The concept of writing the 'server' that runs on its node here is one that has a housekeeping thread that sleeps, and the main thread that will block/listen on a port. the whole thing can be written in ruby in less than 50 to 70 lines of code.
The servers can use the CLI and terminate the instance id's of other servers, but before doing so it would do something like issue a select statement from table zonepref ordered by preference for the first row that is not in active_nodes. it now has the next zone, it runs ec2-run-instances with the correct ami-id and next zone etc, passing along user data if necessary. You don't want both the Alive servers to create a new instance, so either wrap the create with a row lock in mysql or push the request onto a queue or a stack so only one of them perform it.
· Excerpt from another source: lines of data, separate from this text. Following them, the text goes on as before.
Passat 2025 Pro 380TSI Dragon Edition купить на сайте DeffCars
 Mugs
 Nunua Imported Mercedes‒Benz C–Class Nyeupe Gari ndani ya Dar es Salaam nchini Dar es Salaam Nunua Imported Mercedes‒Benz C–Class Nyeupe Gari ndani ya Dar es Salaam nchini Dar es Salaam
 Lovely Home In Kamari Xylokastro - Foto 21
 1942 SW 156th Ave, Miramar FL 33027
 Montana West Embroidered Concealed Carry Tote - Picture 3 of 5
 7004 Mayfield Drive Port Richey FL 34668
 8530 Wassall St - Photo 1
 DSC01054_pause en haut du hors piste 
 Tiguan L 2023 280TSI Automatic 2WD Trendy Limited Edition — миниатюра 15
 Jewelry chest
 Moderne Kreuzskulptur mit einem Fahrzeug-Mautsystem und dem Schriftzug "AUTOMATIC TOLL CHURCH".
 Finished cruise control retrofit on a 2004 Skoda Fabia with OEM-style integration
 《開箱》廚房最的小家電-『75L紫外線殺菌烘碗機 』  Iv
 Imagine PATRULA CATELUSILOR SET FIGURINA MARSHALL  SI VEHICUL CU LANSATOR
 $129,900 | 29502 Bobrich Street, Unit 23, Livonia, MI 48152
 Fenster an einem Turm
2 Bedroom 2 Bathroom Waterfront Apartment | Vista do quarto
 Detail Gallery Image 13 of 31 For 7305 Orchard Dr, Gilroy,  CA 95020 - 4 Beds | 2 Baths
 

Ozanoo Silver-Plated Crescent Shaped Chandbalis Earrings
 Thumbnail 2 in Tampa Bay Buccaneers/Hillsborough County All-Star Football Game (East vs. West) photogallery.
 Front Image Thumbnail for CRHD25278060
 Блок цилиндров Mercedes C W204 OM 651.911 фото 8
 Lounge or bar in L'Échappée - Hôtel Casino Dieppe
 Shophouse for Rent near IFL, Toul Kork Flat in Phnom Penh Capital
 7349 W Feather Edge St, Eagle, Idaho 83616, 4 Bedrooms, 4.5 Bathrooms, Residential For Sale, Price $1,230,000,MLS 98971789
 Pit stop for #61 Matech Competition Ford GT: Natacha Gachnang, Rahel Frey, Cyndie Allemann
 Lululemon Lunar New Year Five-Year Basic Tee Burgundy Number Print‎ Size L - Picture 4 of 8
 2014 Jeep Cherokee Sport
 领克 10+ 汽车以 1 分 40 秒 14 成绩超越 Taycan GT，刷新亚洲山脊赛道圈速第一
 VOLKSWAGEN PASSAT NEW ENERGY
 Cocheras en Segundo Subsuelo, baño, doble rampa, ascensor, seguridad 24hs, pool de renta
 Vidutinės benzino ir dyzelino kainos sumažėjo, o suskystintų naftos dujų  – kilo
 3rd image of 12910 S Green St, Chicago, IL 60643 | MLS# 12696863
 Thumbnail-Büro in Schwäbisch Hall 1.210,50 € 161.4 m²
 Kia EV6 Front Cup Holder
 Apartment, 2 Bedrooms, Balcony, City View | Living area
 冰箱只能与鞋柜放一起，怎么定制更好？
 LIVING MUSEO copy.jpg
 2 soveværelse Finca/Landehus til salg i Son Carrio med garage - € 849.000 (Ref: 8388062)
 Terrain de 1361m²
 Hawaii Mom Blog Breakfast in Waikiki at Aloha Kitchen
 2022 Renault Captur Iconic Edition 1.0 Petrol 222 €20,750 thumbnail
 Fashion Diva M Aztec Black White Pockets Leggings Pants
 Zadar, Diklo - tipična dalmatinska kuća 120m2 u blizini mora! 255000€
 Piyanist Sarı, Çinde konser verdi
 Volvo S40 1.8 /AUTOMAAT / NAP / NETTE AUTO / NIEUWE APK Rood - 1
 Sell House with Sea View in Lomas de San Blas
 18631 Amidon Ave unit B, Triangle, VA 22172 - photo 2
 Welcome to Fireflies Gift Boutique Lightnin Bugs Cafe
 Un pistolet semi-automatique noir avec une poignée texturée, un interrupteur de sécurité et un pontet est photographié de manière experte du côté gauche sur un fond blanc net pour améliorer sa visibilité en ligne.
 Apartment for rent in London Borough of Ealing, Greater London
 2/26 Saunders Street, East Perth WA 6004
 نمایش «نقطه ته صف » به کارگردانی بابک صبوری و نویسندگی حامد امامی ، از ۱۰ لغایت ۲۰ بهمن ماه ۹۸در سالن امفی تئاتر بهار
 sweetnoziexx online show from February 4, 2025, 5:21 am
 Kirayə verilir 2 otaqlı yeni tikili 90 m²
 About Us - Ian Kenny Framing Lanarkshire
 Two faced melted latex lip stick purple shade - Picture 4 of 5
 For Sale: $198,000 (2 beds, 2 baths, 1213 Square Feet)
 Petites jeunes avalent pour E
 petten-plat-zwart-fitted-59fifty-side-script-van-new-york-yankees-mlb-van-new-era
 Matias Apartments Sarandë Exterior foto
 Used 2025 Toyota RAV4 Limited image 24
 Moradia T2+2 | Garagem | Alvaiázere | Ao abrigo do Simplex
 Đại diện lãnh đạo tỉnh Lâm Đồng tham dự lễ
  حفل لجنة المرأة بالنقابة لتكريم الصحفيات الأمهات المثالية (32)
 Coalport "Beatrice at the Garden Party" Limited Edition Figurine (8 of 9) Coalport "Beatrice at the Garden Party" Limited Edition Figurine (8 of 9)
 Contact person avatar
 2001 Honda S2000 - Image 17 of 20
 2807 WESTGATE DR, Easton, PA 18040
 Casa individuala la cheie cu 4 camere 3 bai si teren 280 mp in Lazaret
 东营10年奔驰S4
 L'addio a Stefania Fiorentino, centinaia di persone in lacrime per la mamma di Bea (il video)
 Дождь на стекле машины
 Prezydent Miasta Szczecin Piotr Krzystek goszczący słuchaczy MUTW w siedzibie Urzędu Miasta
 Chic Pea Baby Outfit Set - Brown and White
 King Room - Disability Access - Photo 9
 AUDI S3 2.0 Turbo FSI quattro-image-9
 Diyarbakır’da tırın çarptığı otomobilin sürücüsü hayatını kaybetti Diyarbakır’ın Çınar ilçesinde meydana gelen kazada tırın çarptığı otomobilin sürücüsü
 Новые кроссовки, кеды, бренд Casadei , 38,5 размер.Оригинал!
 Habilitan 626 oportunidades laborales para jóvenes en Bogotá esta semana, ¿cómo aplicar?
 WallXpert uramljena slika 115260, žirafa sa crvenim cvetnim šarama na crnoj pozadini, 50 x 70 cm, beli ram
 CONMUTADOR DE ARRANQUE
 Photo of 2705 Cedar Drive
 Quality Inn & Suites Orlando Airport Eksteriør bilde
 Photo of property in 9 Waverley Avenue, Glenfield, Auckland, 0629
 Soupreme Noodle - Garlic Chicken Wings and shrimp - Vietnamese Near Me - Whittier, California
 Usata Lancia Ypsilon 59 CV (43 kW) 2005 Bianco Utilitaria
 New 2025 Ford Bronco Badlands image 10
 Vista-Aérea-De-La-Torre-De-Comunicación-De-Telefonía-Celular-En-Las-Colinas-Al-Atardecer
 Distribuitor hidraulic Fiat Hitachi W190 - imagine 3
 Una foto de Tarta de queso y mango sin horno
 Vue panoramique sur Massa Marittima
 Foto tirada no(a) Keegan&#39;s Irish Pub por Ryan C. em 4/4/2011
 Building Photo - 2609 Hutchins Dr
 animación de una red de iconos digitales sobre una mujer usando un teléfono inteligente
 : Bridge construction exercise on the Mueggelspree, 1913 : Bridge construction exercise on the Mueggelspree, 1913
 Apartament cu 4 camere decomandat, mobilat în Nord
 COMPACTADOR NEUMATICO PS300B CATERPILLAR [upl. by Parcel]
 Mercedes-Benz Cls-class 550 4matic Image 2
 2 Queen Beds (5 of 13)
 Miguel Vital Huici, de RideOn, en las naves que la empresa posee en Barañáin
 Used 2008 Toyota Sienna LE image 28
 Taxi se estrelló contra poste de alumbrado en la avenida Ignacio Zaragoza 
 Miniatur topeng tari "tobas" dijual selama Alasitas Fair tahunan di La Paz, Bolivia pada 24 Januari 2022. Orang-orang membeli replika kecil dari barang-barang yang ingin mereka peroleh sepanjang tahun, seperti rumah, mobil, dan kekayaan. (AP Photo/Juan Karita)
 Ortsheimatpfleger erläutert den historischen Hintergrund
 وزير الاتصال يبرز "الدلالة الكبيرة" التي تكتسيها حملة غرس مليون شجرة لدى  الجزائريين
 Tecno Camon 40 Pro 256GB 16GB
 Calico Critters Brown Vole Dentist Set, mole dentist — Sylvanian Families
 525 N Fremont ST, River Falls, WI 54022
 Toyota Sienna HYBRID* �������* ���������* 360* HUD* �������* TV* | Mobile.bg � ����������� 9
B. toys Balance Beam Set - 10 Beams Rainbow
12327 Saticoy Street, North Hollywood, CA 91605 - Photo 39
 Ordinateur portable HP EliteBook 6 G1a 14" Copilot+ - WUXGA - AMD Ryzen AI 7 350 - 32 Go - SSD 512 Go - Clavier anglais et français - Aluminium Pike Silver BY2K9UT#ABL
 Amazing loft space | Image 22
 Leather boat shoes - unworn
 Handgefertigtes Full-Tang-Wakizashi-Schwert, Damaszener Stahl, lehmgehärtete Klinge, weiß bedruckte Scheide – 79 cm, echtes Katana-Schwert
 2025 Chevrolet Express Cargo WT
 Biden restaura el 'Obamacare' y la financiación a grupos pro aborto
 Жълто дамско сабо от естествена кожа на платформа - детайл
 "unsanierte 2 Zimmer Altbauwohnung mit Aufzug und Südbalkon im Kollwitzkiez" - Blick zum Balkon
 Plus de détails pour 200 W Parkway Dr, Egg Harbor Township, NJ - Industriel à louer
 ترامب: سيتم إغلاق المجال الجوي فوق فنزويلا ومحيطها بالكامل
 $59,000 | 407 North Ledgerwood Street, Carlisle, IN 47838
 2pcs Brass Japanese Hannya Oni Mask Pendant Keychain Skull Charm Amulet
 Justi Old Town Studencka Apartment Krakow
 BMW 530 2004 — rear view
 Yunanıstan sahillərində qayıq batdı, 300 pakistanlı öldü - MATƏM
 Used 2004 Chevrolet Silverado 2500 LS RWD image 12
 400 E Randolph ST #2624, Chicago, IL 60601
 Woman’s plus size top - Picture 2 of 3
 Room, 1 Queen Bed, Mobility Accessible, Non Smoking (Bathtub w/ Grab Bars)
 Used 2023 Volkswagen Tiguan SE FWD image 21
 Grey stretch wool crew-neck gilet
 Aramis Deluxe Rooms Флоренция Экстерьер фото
anyway, might seem like overkill, but i do a lot of cluster work where nodes have to talk to one another directly. Note that I am not suggesting that just because a node seems to have lost its heartbeat that its AZ has gone down :> Maybe just that instance lost its lunch.
Not enough rep to comment.
I wanted to add that an ELB will not route traffic to an empty AZ. This is because ELB's route traffic to instances, not AZ's.
Attaching AZ's to an ELB merely creates an Elastic Network Interface in a subnet in that AZ so that traffic could be routed if an instance in that AZ is added. It's adding instances (for which the AZ associated with the instance but also be associated with the ELB) that creates the routing.